Hamilton College Energy Master Plan

C&S helped create an energy master plan for Hamilton College in Clinton, New York. Hamilton is the third oldest college in New York state and has a 1,300-acre hilltop campus with over 1.8 million square feet of building space. There are 27 residence halls on campus along with 41 other buildings of various types, and roughly 97% of the student body of 1,800 lives on campus. With so many residence halls, academic and administrative facilities and so many students living on campus, energy saving measures that operate both autonomously and with the aid of the campus community exist around every corner.  The initial phase of the energy master plan consisted of multiple equally important tasks:

  1. Energy usage benchmarking to determine which buildings on campus are the least energy efficient. Each building’s energy usage per square foot was compared to both the Department of Energy’s Commercial Building Energy Consumption Survey (CBECS) data and each other. The results provided C&S and Hamilton College with a list of buildings that needed their energy usage per square foot reduced.

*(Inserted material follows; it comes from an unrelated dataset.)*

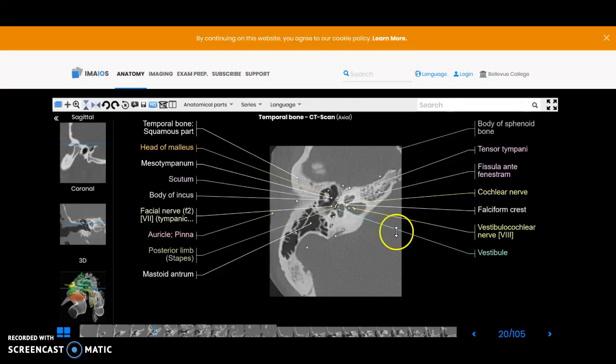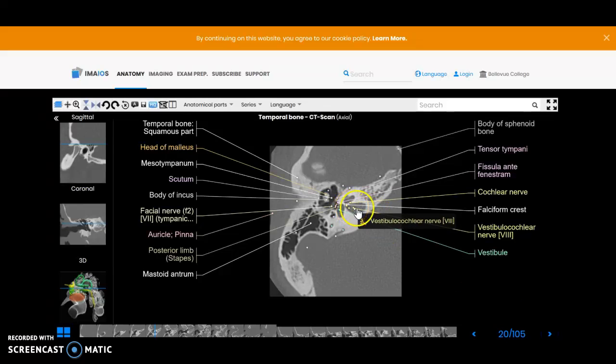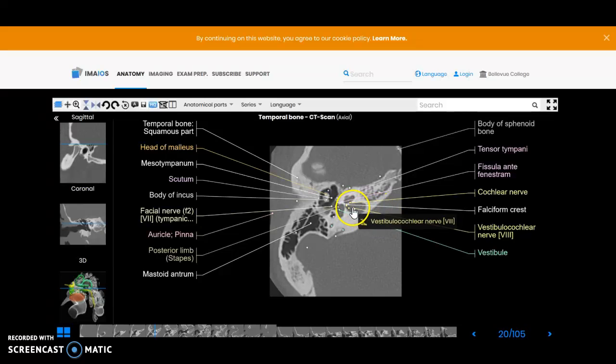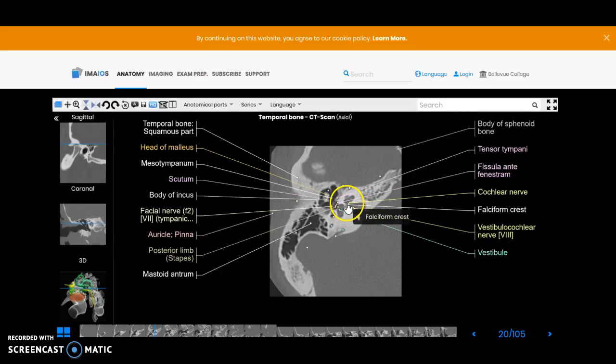And there you're catching the IAC, so it wasn't as great a picture as you sometimes see where you can see it come all the way in in one slice. But you are catching the seventh and eighth nerves here and then the cochlea sits anterior to that.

  2. Walk-through energy audits were performed on the buildings determined to be least efficient. These walk through audits provided  a more in-depth look at what exactly makes each of the buildings so inefficient, and allowed C&S to develop energy conservation measures (ECMs) to reduce energy consumption by the college. These ECMs may be able to be applied across other buildings on campus to reduce energy usage in even the most efficient buildings.
  3. Concurrently with the walk through energy audits, we worked with college staff  to develop standard specifications for equipment efficiencies and campus-wide energy related policies while assisting the college in its initial effort to incorporate the energy master plan into a larger sustainability master plan.
  4. An energy advisory committee will guide the energy master plan process. This committee comprises people from the college and its surrounding community in order to get a broad scope of ideas that should improve the perception of the college and its surrounding area as that of a green community. These ideas and others were discussed in an energy-related charrette to determine the overall goals of the energy master plan.